CHARLES D. THOMPSON:
Yes. So I used my own mouth to win a loan. I went to the local county committee. I gave application to the county director. He takes my farm plans and presented it to the county committee. There are three people in the committee, but none of them was farmer. They are just big business men. They all from Chatham. I can't remember their names. They were partly rural but basically do business. Actually we have worked hard to change the committee to have farmers in. And it changed since then. Now there is a law that there should be at least two full-time farmers in the committee. They are making loans. But there could be other problems such as jealousy. But it is still important that a farmer will know whether a bad harvest is due to the weather or the guy didn't try. Anyway, I applied but they said they are not going to give me any loan. There were two reasons: you don't have enough experience, and you know it's hard to show you have experience as a beginning farmer. Although I had my grandfather's farm, work experience, degrees, but they were still not sufficient experience. The other reason was that my farm plan was not a typical for the area. No one has ever done it, therefore it couldn't work. Well, it's such a bad logic. Because what everyone else was doing didn't work. And I appealed. I don't know if anybody appealed before. So I appealed and I went to the district director, appears one person, happened to be an African-American. Perhaps a little more sympathetic to the ideas of discrimination. Although I couldn't detect that, I just thought maybe it's a good thing to have an African-American to understand. He wouldn't be part of--- Do you know what I mean if I say the good old boys system? It's a slogan in the South. The good old boys are the powerful white guys like those own the county.

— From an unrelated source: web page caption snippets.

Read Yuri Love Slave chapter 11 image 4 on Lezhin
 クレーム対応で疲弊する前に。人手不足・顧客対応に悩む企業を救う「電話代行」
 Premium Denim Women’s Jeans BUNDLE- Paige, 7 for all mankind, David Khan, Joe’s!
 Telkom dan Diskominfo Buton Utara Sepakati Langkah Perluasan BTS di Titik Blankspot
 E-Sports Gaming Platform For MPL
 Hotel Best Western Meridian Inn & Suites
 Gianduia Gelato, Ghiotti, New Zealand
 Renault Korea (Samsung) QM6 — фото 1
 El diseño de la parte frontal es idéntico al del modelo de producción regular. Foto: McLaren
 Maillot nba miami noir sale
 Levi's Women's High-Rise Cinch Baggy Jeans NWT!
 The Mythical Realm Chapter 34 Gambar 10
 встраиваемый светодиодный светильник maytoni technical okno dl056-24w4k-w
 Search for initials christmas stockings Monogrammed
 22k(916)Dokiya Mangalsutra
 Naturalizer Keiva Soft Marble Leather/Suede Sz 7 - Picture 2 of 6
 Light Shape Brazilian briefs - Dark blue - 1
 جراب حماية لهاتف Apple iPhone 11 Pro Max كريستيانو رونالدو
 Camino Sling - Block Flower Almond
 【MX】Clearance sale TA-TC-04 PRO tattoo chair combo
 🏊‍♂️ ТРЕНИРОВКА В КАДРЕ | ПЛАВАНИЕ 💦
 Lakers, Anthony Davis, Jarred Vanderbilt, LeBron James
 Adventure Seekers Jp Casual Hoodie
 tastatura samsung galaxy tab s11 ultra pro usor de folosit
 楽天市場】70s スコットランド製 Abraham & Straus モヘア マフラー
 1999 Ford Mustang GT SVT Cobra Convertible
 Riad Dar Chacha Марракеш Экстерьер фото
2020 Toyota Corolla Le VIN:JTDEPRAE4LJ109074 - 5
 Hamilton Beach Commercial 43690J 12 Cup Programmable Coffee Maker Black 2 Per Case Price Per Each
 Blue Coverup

And they aren't sophisticated in the rural. They may be farmers, or lawyers or doctors. But they tend to rule the county. It's a network. I guess there are these guys in every country. And they usually male. Who they know and whom they related get benefit and give the land and once come to politic, they get their people elected. You know this? Is this the same in China?
JUN WANG:
Yes, this kind of network is very popular in China
CHARLES D. THOMPSON:
Yea, this good old boys system keeps outsiders out, keep new ideas out. Keep minorities out. Maintain the old style. They don't get along with people like me. So I thought this African-American guy might not that part of the system, so might understand me.